1. Explain why you wanted to write this collection. 

I was working on another collection about a male photographer traveling through the south that was getting interest from publishers, but no bites. I started wondering why I kept writing about this guy. 

I realized then that I had written and published a lot of stories about women. Quirky stories about women finding their way in the world and trying to be seen. The voices of those women wouldn’t leave me alone. The young woman creates a ritual to celebrate the life of a kidnapped girl, an unmarried woman wanders into a breast feeder’s support group and stays, a grieving mother finds solace in an unlikely place, and a young girl discovers more than she bargained for when she spies on her neighbors. 

These women were flawed and wonderful, just like the women in my life. I couldn’t wait to put the stories together and see if they worked as a collection. The stories dealt with struggles but also finding your way, surviving, thriving. Lost Girls was born. 

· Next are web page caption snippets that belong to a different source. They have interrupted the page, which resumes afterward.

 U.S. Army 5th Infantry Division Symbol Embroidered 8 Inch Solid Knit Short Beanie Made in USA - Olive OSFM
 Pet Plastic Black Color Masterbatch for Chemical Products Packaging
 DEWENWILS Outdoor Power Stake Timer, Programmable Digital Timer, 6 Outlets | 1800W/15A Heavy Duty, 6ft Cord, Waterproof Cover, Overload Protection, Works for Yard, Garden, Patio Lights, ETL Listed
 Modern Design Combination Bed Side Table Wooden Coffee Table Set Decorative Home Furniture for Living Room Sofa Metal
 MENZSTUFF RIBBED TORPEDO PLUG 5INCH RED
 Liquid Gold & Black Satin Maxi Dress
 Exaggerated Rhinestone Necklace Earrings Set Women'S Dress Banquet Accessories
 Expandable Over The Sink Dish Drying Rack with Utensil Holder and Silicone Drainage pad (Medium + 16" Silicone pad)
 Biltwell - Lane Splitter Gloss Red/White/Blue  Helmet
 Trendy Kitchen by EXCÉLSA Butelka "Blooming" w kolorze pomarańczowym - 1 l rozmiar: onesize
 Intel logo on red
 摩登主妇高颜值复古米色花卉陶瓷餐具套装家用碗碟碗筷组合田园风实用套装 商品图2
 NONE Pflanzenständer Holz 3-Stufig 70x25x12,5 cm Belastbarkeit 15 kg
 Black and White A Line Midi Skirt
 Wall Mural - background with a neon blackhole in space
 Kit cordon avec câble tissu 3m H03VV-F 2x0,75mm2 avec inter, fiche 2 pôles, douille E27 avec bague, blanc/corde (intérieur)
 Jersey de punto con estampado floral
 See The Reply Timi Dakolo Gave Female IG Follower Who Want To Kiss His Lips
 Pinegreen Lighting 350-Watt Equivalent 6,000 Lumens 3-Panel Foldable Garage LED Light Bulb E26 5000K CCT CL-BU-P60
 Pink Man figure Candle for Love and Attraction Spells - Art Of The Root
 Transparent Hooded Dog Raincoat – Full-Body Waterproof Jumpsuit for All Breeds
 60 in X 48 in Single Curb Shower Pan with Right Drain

2. Share a story secret, something readers wouldn’t know about this book just from picking it up. It could be a name you gave to a character, research you did, setting.

There are so many story secrets. The title story “Lost Girls” was inspired by a kidnapping in my community and a desire to honor the memories of girls who have gone missing. 

Inheritance was sparked by my frustration with the politics of the day and the way people without resources are exploited. 

As far as character names go, I often use the names of friends and family for my characters, and it doesn’t mean there is any real connection between them and the way that character behaves. 

Bonus round: What do you prefer?

Brisket, matzoh ball soup, potato kugel, gefilte fish, blintzes, bagels (with or without lox, cream cheese), or other?  Nothing like lox and bagels with cream cheese and tomatoes to get my day started just right. 

Desert, rainforest, beach, marsh, urban park, forest, other?  The forest because it is lush, quiet and full of secrets.

Movies, musical, play, ballet? Movies. I love sitting in the dark watching something moving on the screen. I love the collective nature of it. How alone/together we are. 

Laundry, dishes, dusting, vacuuming? I love to cook, so I’ve grown used to dishes. I think back to when I was a kid and pretended it’s fun to play in the water. 

About Ellen Birkett Morris:

A native of Louisville, Ellen Birkett Morris is the author of LOST GIRLS (June 26, 2020), a short story collection, and SURRENDER, a poetry chapbook. She holds a Master of Fine Arts in Fiction from Queens University – Charlotte. Her short stories have appeared in Antioch ReviewShenandoahSouth Carolina Review, Upstreet, and elsewhere.